Would this set up the possibility of parallel, or sequential investigations, if a complaint is made simultaneously to the Council and the BPB, or to the Council first and then to the BPB, or whatever.  And what about penalties?  What if the Council deals with that first in a way that the BPB thinks is insufficient, or the Council nails the employee but the BPB doesn’t think it’s such a big deal?
We were assured at the time by BPB President Sue Holliday and the Board that the BPB would rely upon any investigation conducted by the Council.  They would review the adequacy of the investigation, its thoroughness, any penalty that might have been imposed, and then make their own judgement about whether anything else needed to be done.  It was an acknowledgement of the primacy of the employment relationship.

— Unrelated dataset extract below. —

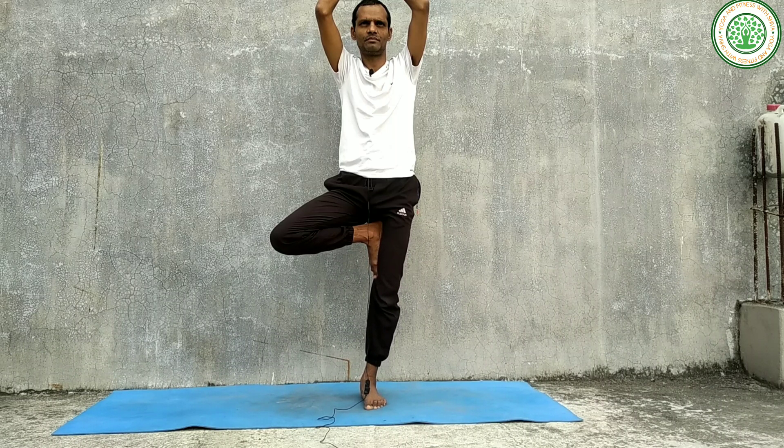Then you can do Bridge Pose as well. Slowly you can relax in Savasana.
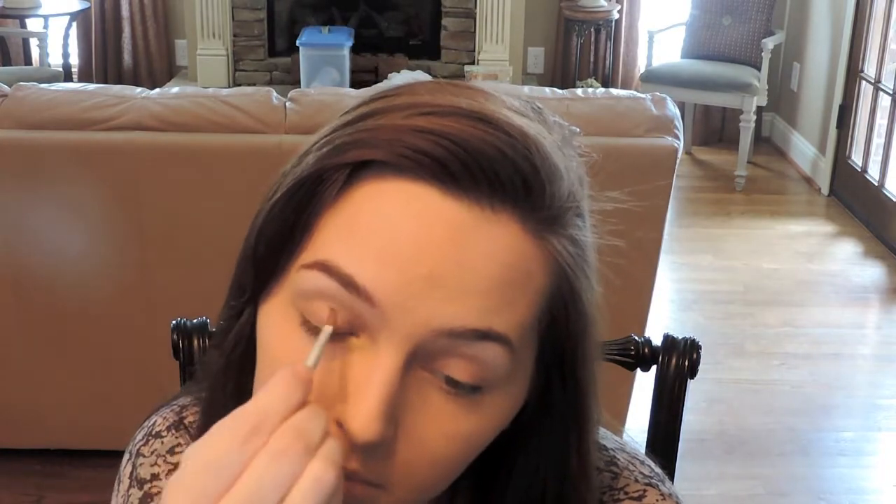Now I'm taking the lip brush and the lip chameleon and I'm actually using this as an eye base today. All I'm doing is putting it all over the lid — I'm just rubbing it on the lipstick and putting it right on the lid part of my eye.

But leaving Griffith aside, complaints against accredited certifiers and councils have been few and far between.

(Griffith was a fiasco, a Council with a very long history of understaffing and under resourcing, failures to provide market rates to attract staff and even now, after their humiliation at the hands of the BPB (depaNews October 2017) the Council has now appointed a Director Sustainable Development who is neither a planner, nor a health and building surveyor.  He is a Certified Practicing Accountant who was previously the Council's Manager Economic Development and Tourism. What could possibly go wrong?)

But now we discover that the BPB in February commenced an investigation into a council employee who is accredited with the Board.  There had been no complaint to the Council, the findings themselves focus on minor administrative matters (as if something needed to be found) but more worrying was how the BPB came to be investigating in the first place.

When our member received a letter from the BPB early this month advising that findings had been made and that he, and the Council, had an opportunity to respond, it was signed off by the Manager Complaints Investigation - a job title with no uncertainty, it’s complaints investigation and that’s it.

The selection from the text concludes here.